## [TASK BRIEF]
Return the following from the records below: each line, word for word, starting with the line that contains "фото №3, Противотуманная" and going on through the line that contains "Iscrizione Bitcoin e", with nothing outside that range.

## [DATASET EXTRACT]
((
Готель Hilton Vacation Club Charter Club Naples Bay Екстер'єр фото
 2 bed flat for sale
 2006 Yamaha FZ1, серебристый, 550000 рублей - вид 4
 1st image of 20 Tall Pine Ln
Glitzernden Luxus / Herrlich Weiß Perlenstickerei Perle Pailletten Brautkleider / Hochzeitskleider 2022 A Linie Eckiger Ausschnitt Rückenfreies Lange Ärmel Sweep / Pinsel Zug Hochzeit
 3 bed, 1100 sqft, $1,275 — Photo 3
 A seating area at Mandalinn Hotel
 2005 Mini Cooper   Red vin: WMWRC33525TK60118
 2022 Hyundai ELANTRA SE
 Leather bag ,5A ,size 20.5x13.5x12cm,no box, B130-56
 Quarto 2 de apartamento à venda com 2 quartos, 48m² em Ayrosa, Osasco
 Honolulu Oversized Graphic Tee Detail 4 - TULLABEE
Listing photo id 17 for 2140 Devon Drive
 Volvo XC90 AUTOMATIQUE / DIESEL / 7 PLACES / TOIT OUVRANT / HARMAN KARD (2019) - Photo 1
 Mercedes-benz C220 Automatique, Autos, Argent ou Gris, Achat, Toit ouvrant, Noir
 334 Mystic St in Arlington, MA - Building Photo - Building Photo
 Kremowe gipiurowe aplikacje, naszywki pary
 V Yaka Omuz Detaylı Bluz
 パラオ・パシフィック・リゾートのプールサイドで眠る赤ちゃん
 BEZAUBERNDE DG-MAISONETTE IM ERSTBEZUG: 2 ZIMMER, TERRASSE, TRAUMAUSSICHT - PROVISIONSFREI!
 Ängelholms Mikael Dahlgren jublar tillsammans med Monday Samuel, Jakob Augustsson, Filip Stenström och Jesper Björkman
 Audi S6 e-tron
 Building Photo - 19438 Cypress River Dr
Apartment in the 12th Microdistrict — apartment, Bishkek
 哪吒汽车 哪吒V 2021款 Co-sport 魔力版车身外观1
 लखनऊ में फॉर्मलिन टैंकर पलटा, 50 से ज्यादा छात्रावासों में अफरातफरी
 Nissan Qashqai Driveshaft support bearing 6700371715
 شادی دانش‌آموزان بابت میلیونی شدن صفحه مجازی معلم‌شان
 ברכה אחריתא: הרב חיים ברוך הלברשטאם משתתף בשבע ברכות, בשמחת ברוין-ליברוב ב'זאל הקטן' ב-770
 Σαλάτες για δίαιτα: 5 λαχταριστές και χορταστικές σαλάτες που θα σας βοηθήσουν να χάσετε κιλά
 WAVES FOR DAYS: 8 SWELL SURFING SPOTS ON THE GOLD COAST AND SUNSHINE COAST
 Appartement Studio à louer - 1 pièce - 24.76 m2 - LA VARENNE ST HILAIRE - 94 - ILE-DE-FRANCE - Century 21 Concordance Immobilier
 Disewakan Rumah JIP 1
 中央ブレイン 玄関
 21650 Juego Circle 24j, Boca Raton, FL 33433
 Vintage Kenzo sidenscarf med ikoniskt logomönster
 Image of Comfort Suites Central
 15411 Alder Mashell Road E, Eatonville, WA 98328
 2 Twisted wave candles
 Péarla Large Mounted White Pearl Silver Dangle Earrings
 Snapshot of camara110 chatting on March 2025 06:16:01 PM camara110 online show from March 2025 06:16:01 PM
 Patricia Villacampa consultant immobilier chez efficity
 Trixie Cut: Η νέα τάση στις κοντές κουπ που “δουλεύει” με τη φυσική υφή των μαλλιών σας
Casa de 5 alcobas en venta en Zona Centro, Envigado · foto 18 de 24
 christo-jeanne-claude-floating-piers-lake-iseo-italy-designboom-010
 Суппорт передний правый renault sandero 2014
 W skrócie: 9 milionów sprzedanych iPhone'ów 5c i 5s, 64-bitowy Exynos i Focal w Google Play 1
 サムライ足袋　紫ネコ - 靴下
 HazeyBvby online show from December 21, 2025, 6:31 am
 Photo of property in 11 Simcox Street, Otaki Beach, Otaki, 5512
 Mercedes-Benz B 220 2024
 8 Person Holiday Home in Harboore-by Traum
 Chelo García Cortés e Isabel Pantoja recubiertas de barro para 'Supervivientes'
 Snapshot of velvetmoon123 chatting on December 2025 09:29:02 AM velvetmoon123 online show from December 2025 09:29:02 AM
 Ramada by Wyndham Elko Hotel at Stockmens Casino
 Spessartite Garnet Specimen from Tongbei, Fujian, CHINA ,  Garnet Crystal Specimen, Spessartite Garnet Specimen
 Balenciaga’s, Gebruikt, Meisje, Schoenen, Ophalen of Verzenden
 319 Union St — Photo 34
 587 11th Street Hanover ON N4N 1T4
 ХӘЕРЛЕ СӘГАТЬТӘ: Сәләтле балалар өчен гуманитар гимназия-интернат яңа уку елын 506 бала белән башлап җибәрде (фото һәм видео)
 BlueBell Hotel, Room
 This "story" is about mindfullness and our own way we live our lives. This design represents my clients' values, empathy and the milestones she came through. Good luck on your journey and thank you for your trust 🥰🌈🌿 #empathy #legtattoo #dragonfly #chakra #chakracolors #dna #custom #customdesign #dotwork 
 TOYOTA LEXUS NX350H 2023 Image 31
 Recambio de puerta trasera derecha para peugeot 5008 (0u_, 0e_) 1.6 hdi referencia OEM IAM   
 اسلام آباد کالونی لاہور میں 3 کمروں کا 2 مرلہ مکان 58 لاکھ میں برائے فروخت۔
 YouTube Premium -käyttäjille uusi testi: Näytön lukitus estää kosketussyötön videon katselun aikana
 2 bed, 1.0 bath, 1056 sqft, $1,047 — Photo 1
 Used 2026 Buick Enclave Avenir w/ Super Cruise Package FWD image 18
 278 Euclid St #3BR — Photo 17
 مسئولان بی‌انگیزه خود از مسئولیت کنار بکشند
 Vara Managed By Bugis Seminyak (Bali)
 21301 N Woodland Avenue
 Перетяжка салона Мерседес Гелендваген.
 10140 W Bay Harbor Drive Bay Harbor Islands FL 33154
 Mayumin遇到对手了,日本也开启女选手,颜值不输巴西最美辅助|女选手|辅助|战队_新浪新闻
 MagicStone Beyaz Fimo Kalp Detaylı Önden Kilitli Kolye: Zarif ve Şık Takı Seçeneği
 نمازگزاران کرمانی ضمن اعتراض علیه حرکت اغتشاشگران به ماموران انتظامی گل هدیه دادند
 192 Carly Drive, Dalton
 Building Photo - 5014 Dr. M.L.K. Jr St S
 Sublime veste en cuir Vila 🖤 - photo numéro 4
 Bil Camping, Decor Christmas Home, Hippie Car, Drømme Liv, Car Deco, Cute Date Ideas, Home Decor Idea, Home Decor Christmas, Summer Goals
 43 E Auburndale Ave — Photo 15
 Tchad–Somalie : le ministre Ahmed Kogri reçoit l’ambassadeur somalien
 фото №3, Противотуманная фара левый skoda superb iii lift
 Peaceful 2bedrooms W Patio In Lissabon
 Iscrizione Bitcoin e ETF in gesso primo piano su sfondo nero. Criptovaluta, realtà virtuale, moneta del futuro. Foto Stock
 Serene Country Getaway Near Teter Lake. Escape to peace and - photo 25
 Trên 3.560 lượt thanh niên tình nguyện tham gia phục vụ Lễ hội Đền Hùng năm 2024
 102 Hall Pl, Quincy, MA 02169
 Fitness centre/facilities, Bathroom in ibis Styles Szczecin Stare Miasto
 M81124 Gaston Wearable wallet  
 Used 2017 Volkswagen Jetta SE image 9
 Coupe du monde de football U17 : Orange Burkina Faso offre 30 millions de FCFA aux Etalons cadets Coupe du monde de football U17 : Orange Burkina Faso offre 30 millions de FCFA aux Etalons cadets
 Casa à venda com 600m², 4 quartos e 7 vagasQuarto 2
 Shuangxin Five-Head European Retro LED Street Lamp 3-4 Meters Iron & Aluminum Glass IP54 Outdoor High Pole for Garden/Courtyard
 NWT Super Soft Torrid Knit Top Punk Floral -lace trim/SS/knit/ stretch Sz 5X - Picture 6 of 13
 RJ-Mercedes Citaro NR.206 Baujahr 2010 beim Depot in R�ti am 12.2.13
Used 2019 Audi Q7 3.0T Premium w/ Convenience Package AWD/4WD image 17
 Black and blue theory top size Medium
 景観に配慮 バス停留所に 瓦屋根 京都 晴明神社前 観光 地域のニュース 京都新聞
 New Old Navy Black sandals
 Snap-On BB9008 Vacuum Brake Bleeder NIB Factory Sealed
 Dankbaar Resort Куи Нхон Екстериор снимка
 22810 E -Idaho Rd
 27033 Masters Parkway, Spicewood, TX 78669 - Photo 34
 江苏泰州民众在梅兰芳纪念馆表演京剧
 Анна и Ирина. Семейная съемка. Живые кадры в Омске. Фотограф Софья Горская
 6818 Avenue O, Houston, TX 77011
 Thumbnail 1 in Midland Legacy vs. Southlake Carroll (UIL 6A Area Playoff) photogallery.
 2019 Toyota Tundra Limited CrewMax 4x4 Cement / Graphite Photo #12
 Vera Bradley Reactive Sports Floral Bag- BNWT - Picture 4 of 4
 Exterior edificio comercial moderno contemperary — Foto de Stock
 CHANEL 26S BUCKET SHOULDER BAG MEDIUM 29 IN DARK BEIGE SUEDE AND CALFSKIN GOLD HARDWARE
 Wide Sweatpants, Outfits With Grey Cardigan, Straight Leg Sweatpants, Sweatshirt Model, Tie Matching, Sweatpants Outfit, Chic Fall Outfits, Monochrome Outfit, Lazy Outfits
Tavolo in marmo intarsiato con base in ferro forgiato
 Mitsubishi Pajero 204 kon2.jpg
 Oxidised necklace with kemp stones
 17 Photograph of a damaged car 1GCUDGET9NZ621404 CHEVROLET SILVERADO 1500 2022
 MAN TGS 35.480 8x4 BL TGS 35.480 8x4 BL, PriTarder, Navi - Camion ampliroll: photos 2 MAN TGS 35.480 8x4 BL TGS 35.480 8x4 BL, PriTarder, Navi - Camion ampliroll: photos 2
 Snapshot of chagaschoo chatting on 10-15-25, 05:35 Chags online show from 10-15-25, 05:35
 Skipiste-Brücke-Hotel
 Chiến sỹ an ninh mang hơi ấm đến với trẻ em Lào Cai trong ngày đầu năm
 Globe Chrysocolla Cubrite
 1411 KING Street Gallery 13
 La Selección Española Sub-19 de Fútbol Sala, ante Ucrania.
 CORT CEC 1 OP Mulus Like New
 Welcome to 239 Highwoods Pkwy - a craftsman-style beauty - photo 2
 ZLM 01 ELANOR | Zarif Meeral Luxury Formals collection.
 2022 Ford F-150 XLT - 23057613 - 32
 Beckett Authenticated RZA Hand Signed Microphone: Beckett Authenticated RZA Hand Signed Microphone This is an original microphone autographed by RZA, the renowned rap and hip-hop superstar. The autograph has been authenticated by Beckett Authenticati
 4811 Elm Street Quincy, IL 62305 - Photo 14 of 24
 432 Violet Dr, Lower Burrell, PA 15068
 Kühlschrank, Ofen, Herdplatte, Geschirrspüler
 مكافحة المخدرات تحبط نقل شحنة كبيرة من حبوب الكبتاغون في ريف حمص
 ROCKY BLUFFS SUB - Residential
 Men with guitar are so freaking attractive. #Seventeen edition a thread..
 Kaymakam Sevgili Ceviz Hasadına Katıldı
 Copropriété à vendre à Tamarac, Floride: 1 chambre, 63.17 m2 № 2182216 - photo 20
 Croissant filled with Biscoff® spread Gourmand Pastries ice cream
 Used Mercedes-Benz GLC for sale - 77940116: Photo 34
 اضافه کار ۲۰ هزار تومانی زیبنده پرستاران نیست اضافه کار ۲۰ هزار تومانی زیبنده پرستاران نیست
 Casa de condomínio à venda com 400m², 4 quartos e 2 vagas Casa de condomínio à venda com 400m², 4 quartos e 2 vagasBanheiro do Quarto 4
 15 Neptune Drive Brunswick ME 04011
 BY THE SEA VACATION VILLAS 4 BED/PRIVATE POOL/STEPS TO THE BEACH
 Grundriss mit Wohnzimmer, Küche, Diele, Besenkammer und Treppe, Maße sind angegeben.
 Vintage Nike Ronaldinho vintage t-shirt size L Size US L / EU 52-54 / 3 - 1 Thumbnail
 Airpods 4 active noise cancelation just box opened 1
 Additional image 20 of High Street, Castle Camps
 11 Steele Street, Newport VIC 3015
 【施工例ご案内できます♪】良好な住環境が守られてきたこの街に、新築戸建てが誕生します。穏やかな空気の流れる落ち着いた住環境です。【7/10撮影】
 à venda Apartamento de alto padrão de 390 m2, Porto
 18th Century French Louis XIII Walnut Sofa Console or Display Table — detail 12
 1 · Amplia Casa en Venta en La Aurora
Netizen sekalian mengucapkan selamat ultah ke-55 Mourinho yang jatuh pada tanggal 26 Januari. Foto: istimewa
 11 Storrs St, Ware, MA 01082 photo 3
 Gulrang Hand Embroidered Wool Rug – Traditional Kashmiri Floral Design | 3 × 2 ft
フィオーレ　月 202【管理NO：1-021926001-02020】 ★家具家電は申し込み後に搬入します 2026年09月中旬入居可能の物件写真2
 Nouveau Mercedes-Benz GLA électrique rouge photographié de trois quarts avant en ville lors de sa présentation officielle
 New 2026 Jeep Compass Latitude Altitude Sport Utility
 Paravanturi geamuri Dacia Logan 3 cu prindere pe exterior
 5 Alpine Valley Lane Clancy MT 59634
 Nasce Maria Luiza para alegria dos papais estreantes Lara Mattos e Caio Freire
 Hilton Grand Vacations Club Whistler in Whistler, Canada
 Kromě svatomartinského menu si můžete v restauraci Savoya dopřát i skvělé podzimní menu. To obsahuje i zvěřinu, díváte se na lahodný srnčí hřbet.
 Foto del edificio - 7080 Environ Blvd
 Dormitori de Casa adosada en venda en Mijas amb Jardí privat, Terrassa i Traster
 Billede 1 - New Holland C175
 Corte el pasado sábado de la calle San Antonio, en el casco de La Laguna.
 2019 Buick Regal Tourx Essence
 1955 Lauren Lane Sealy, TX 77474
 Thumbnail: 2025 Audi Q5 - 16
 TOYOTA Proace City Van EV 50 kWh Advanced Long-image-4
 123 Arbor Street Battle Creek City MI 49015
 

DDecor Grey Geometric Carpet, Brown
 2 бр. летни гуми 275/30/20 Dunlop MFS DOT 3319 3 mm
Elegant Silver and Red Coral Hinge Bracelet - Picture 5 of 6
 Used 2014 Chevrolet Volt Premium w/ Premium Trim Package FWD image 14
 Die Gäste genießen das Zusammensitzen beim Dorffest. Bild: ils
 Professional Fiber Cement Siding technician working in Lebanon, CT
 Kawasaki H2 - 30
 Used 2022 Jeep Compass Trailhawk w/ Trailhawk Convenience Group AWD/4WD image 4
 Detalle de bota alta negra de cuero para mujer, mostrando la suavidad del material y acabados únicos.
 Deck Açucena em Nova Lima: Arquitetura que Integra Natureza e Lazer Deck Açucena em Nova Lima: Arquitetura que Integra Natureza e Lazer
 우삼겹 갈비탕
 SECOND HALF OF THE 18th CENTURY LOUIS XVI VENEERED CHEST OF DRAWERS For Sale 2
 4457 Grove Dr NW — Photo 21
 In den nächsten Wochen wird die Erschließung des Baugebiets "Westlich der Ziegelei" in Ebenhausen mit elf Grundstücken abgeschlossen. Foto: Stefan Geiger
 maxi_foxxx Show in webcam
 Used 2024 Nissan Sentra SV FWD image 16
))
## [ANSWER SPACE]
 фото №3, Противотуманная фара левый skoda superb iii lift
 Peaceful 2bedrooms W Patio In Lissabon
 Iscrizione Bitcoin e ETF in gesso primo piano su sfondo nero. Criptovaluta, realtà virtuale, moneta del futuro. Foto Stock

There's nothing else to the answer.